Building from source

I am trying to build tensorflow from source on ubuntu 20.04 LTS. I need to build from source because I am running on a Westmere architecture, the binaries available through the package manager is built for AVX instructions which Westmere doesn’t support.

My procedure:

Clone the repository from GitHub - tensorflow/tensorflow: An Open Source Machine Learning Framework for Everyone
check out the r2.11 branch (yes I know it isn’t the latest. It needs to match keras and is good enough)
install bazel
Ran configure, selected no for GPU
compiled it: bazel build --copt=“-march=westmere” //tensorflow/tools/pip_package:build_pip_package

This builds successfully

Next I tried to rebuild, this time GPU enabled.
I used conda to create a new environment and used pip to install the cuda libraries into it.
I am running driver version 535, cuda version 12.2

I re-ran configure, this time choosing to enable GPU support and point it to the library path inside my conda environment. This is how I answered the CUDA questions:

Please specify the CUDA SDK version you want to use. [Leave empty to default to CUDA 11]12 (I also tried 12.2)
Please specify the cuDNN version you want to use. [Leave empty to default to cuDNN 2] (chose the default)

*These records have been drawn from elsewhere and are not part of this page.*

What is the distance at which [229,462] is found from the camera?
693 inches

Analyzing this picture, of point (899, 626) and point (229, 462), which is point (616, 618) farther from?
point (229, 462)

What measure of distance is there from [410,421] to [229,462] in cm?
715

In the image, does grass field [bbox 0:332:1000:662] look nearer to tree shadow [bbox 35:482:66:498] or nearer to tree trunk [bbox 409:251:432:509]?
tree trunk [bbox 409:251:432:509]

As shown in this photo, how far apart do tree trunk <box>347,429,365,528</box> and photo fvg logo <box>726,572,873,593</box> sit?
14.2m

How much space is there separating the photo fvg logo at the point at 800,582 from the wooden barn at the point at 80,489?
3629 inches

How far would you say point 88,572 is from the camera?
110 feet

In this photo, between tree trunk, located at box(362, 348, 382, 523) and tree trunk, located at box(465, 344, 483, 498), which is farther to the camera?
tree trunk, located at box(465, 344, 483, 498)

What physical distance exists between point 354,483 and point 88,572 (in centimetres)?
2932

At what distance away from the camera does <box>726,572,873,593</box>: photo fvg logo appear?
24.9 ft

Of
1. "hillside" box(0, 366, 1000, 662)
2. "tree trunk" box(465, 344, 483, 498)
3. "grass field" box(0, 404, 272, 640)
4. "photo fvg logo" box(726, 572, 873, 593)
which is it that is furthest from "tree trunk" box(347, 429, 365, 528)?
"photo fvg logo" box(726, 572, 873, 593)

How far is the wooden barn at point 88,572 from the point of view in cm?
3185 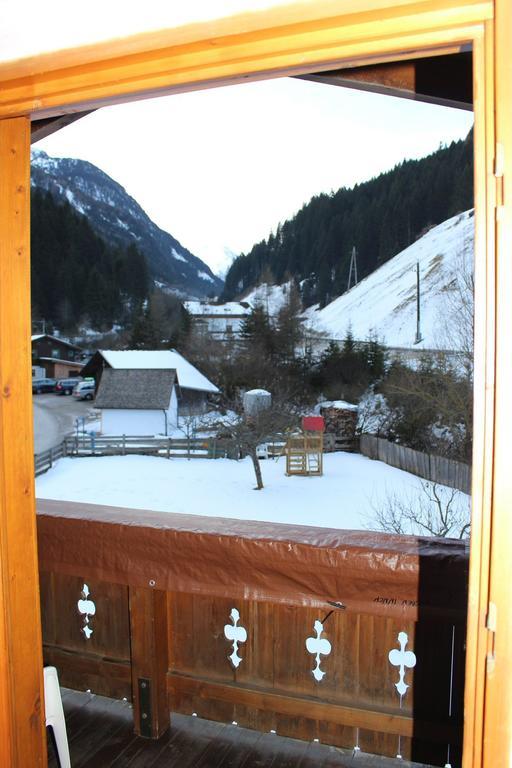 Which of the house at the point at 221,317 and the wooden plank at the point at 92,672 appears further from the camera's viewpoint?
the house at the point at 221,317

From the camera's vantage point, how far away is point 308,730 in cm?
155

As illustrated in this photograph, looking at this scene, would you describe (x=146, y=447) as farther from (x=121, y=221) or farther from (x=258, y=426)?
(x=121, y=221)

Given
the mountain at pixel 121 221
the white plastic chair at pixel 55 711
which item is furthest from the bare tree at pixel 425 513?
the mountain at pixel 121 221

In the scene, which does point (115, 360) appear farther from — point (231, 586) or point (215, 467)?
point (231, 586)

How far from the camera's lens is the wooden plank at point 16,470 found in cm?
103

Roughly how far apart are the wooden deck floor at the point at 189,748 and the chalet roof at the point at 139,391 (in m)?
19.6

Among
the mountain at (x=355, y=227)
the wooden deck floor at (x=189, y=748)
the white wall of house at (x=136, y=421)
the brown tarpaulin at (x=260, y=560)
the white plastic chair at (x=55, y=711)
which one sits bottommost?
the white wall of house at (x=136, y=421)

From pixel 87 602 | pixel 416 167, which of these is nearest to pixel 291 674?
pixel 87 602

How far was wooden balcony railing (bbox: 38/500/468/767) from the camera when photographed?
1375mm

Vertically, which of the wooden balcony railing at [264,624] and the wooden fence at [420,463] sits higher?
the wooden balcony railing at [264,624]

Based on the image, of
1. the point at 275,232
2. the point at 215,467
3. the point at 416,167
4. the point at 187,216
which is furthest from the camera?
the point at 187,216

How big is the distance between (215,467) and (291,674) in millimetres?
16754

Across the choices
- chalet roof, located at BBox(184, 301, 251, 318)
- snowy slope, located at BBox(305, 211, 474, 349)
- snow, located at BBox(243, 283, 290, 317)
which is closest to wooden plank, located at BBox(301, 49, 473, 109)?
snowy slope, located at BBox(305, 211, 474, 349)

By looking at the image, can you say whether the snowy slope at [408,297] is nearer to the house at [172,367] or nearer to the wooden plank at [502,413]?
the house at [172,367] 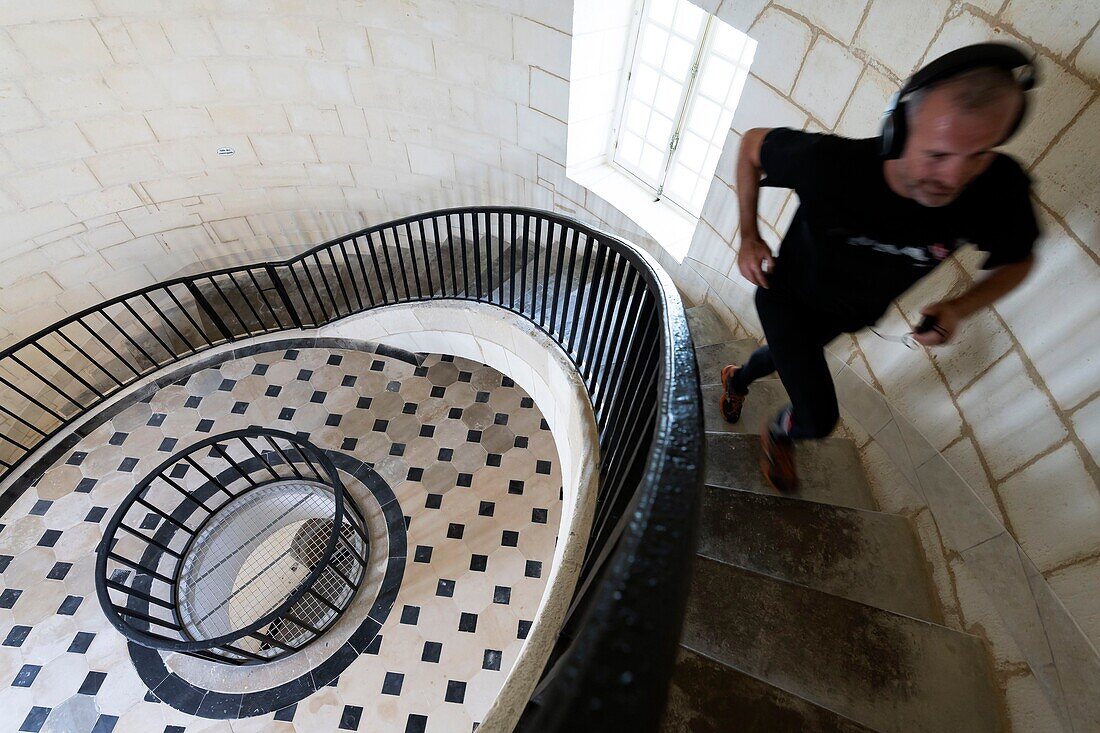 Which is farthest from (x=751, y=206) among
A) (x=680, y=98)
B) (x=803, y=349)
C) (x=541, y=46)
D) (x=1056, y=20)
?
(x=541, y=46)

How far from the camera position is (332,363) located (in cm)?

Please specify the locally installed NCCL version you want to use. [Leave empty to use GitHub - NVIDIA/nccl: Optimized primitives for collective multi-GPU communication]: (chose the default)

Please specify the comma-separated list of base paths to look for CUDA libraries and headers. [Leave empty to use the default]:/home/myname/anaconda3/envs/tfgpu/include,/home/myname/anaconda3/envs/tfgpu/lib (order seems to be important)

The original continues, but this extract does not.